Can someone please explain the behaviour of NLTK's BigramTagger in these examples?
I instantiated the tagger by
bi= BigramTagger(brown.tagged_sents(categories='news')[:500])
Now, I want to use this on one specific sentence.

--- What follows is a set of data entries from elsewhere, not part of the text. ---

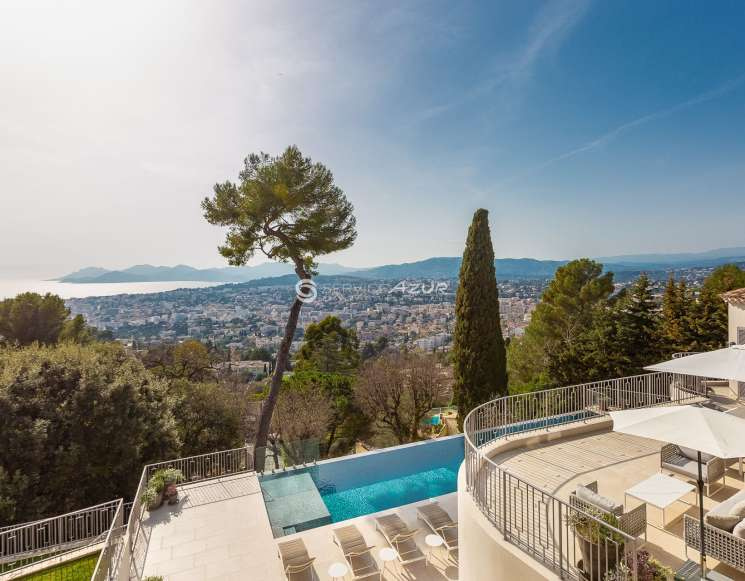 Villa 5 bedrooms in Cannes offering panoramic sea views -&nbsp;ref&nbsp;1519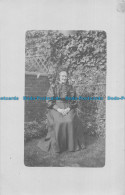 R164544 Old Postcard. An Old Woman - Monde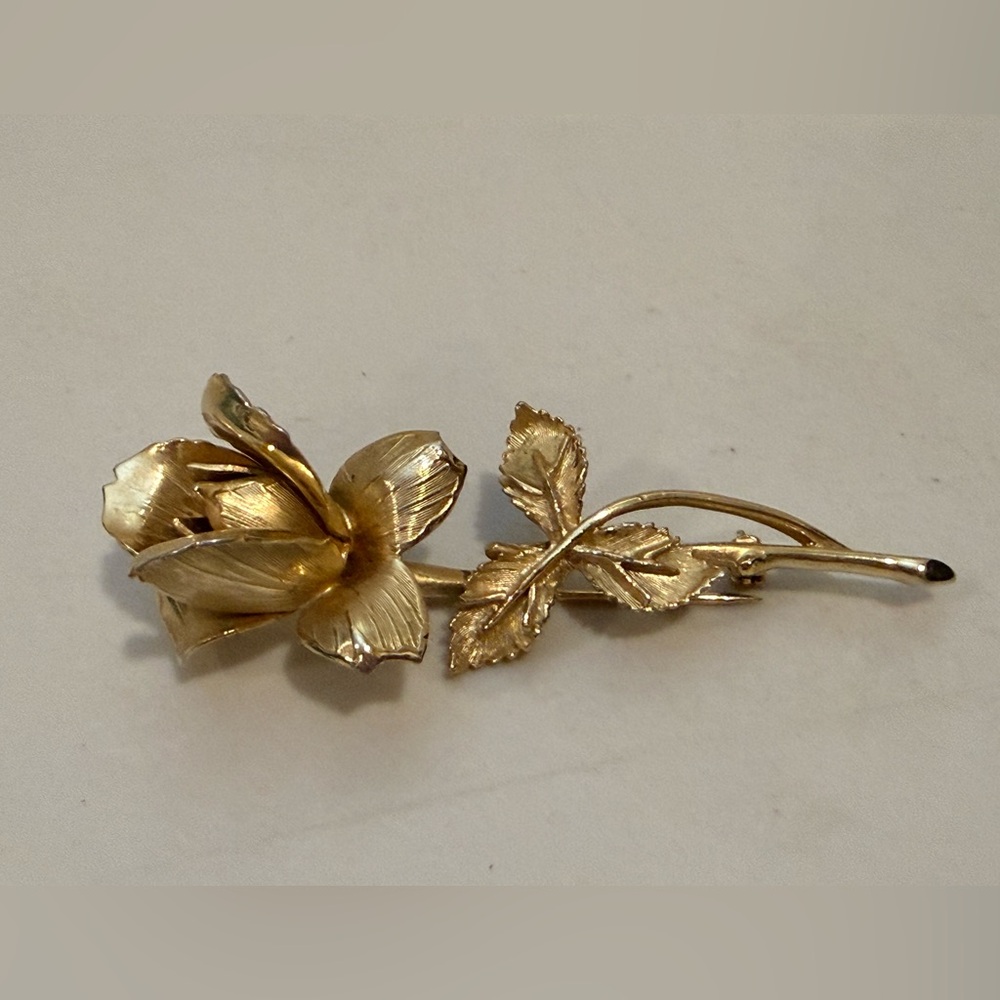 VTG 1960s Pastelli "Christmas Rose" Long Stemmed Flower Brooch Pin‎ Grandmacore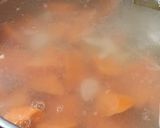 Foto langkah ke 4 dari resep Sup Ikan Salmon.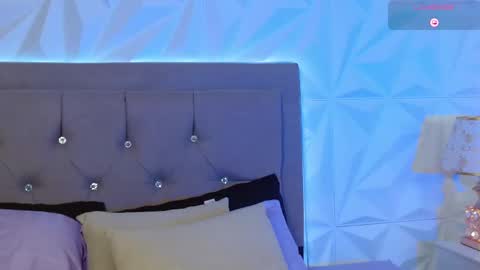 Gwen Drew online show from 09.23.25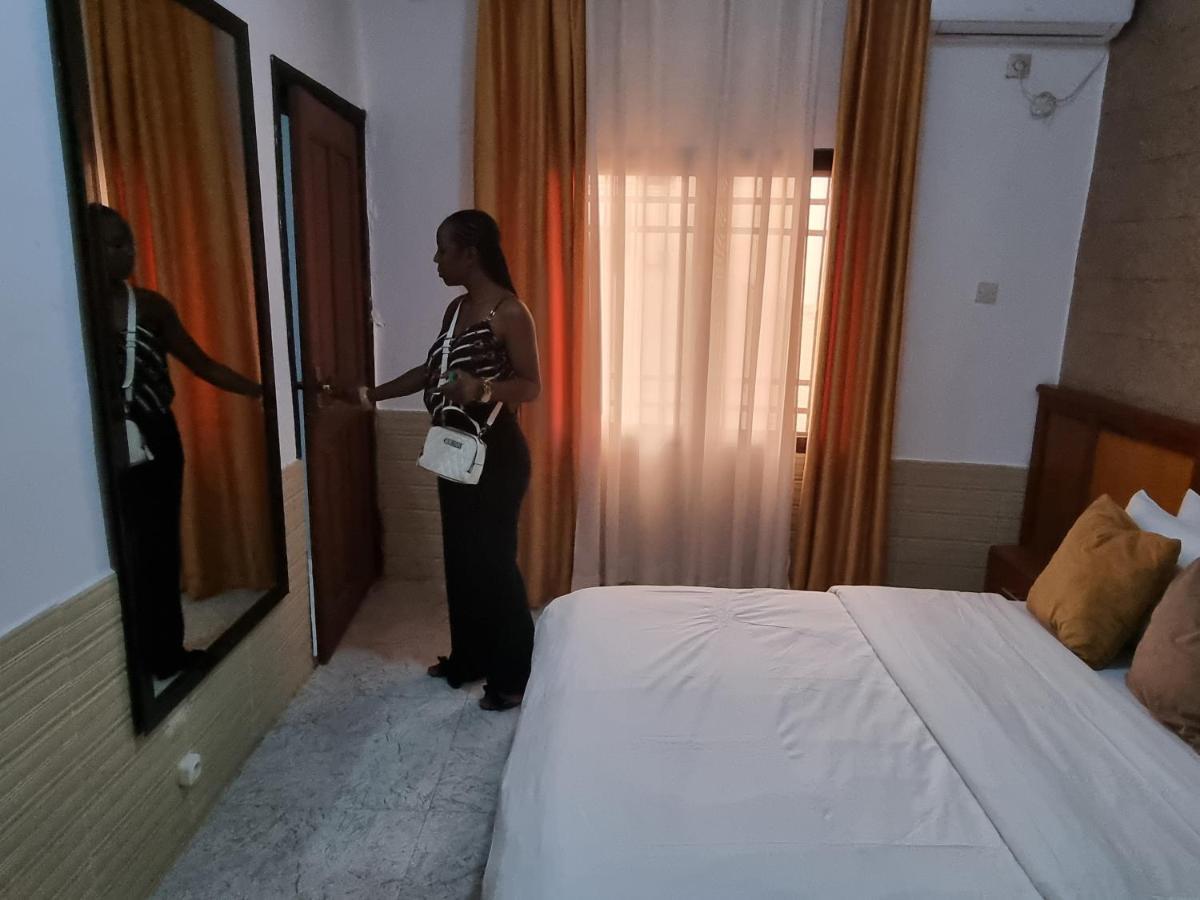 Appart Hotel Mireille ياوندي المظهر الخارجي الصورة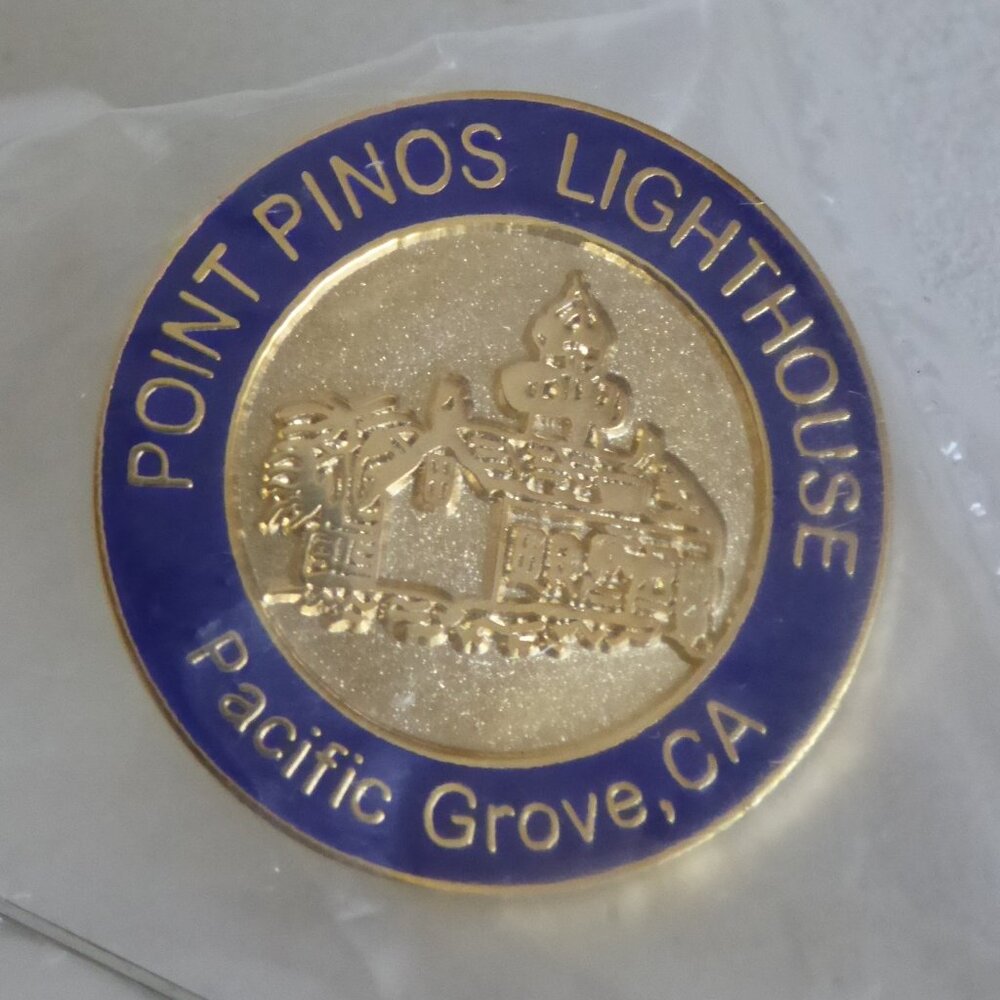 NEW POINT PINOS LIGHTHOUSE PACIFIC GROVE CA GOLD ENAMEL LAPEL PIN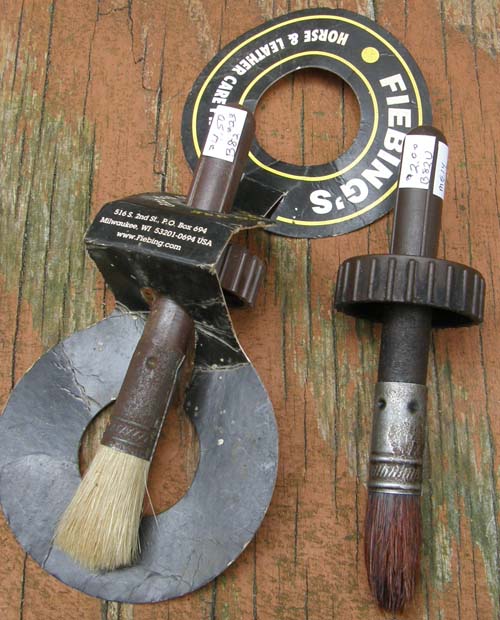 Fiebings Brush Top Cap Natural Bristle Hoof Applicator Brush Replacement Hoof Dressing Can Brush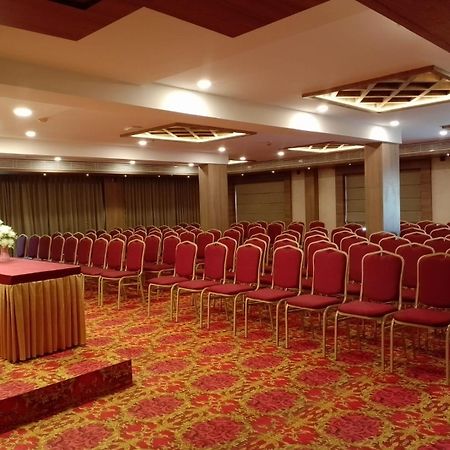 Hotel Mandarin Sky Kannur Esterno foto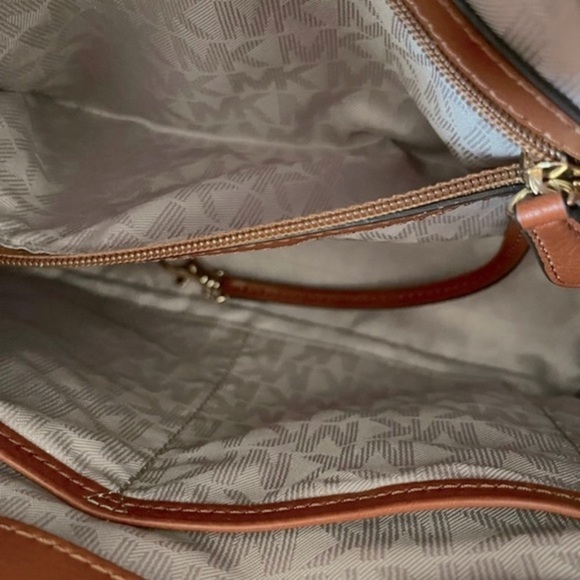 Michael Kors SIGNATURE HAMILTON SAFFIANO SATCHEL SIZE- L - Picture 3 of 15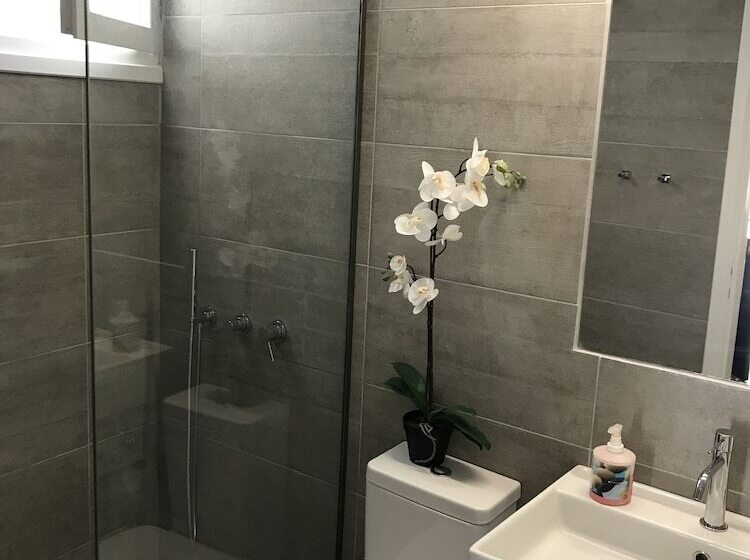 آپارتمان 1 خوابه با چشم‌انداز باغ, Big Blue Apartments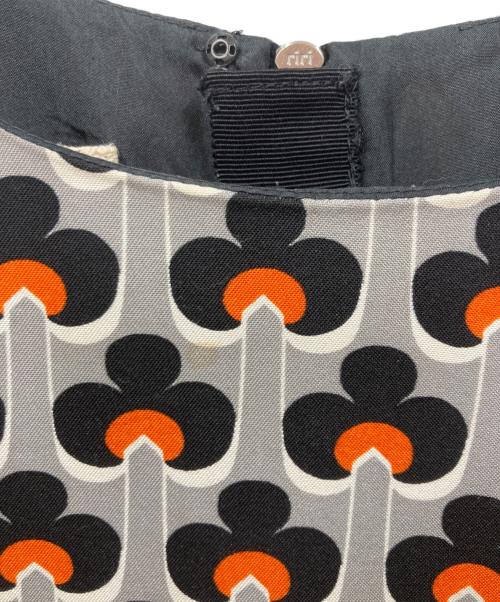 MARNI（マルニ）MARNI (マルニ) ポートレートプリント ノースリーブブラウス グレー サイズ:38の古着・服飾アイテム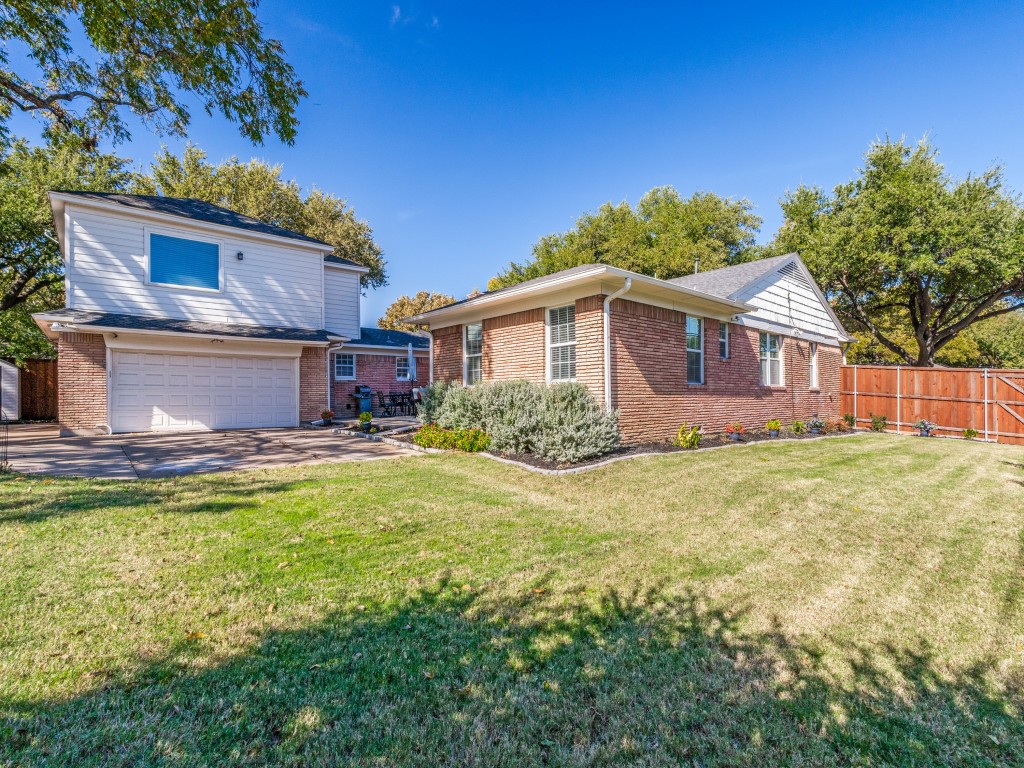 806 Knott Place Dallas TX 75208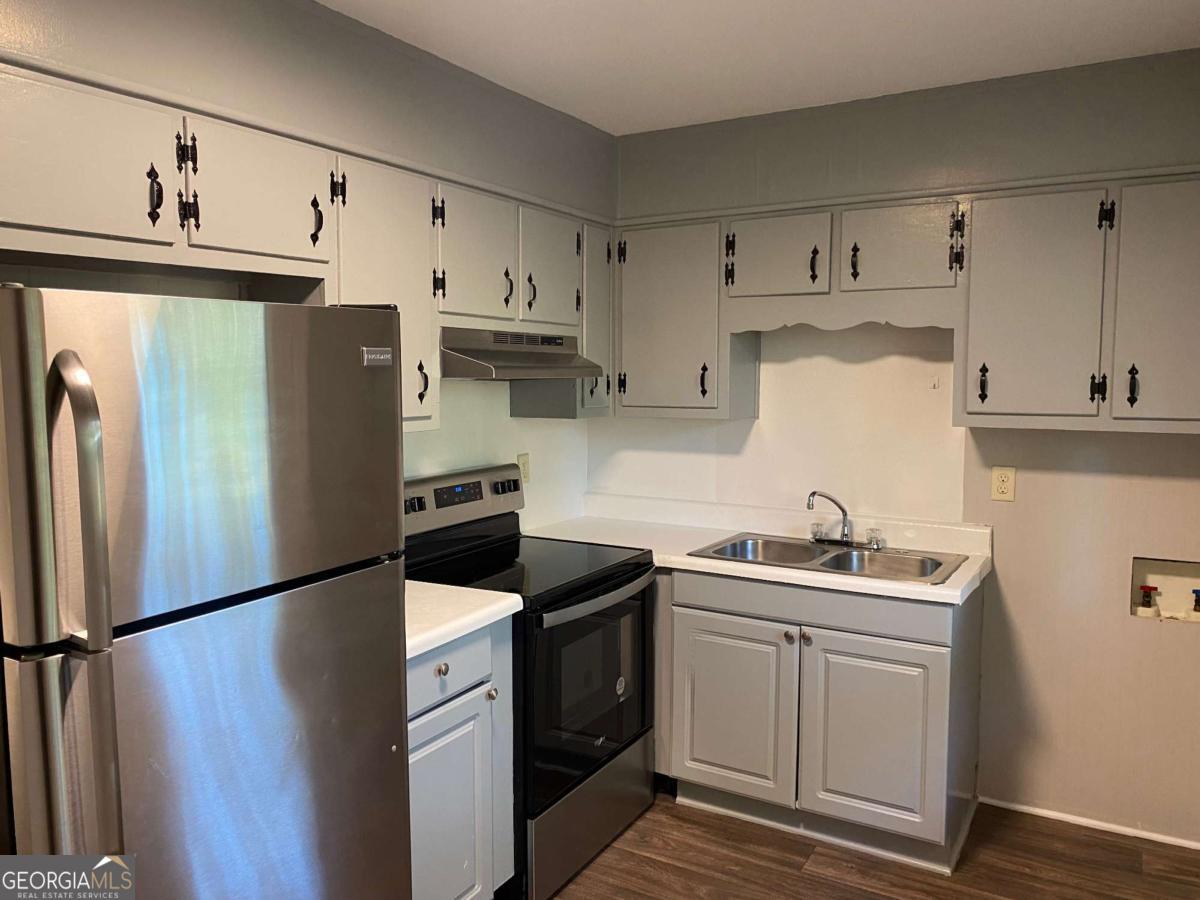 Mableton, Georgia 30126, United States, 2 Bedrooms Bedrooms, ,1 BathroomBathrooms,Residential,Active,25671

>>> bi.tag(brown_sents[2])
[(u'The', u'AT'), (u'September-October', u'NP'), (u'term', u'NN'), (u'jury', u'NN'), (u'had', u'HVD'), (u'been', u'BEN'), (u'charged', u'VBN'), (u'by', u'IN'), (u'Fulton', u'NP-TL'), (u'Superior', u'JJ-TL'), (u'Court', u'NN-TL'), (u'Judge', u'NN-TL'), (u'Durwood', u'NP'), (u'Pye', u'NP'), (u'to', u'TO'), (u'investigate', u'VB'), (u'reports', u'NNS'), (u'of', u'IN'), (u'possible', u'JJ'), (u'``', u'``'), (u'irregularities', u'NNS'), (u"''", u"''"), (u'in', u'IN'), (u'the', u'AT'), (u'hard-fought', u'JJ'), (u'primary', u'NN'), (u'which', u'WDT'), (u'was', u'BEDZ'), (u'won', u'VBN'), (u'by', u'IN'), (u'Mayor-nominate', u'NN-TL'), (u'Ivan', u'NP'), (u'Allen', u'NP'), (u'Jr.', u'NP'), (u'.', u'.')]
Works well, but hey, it's all known data. Let me change one word and see if it sets something off.
>>> sent=brown_sents[2]
>>> sent[5]
u'been'
>>> sent[5] = u'was'
>>> bi.tag(sent)
[(u'The', u'AT'), (u'September-October', u'NP'), (u'term', u'NN'), (u'jury', u'NN'), (u'had', u'HVD'), (u'was', None), (u'charged', None), (u'by', None), (u'Fulton', None), (u'Superior', None), (u'Court', None), (u'Judge', None), (u'Durwood', None), (u'Pye', None), (u'to', None), (u'investigate', None), (u'reports', None), (u'of', None), (u'possible', None), (u'``', None), (u'irregularities', None), (u"''", None), (u'in', None), (u'the', None), (u'hard-fought', None), (u'primary', None), (u'which', None), (u'was', None), (u'won', None), (u'by', None), (u'Mayor-nominate', None), (u'Ivan', None), (u'Allen', None), (u'Jr.', None), (u'.', None)]
Now I expected to see changed tuple, (u'been', u'BEN')
to now be (u'been', None). Why is everything after it in the sentence now not tagged? Those words were tagged in connection to another ones, not 'been'.
Any recommendation on use of tagged sentences would be appreciated as well.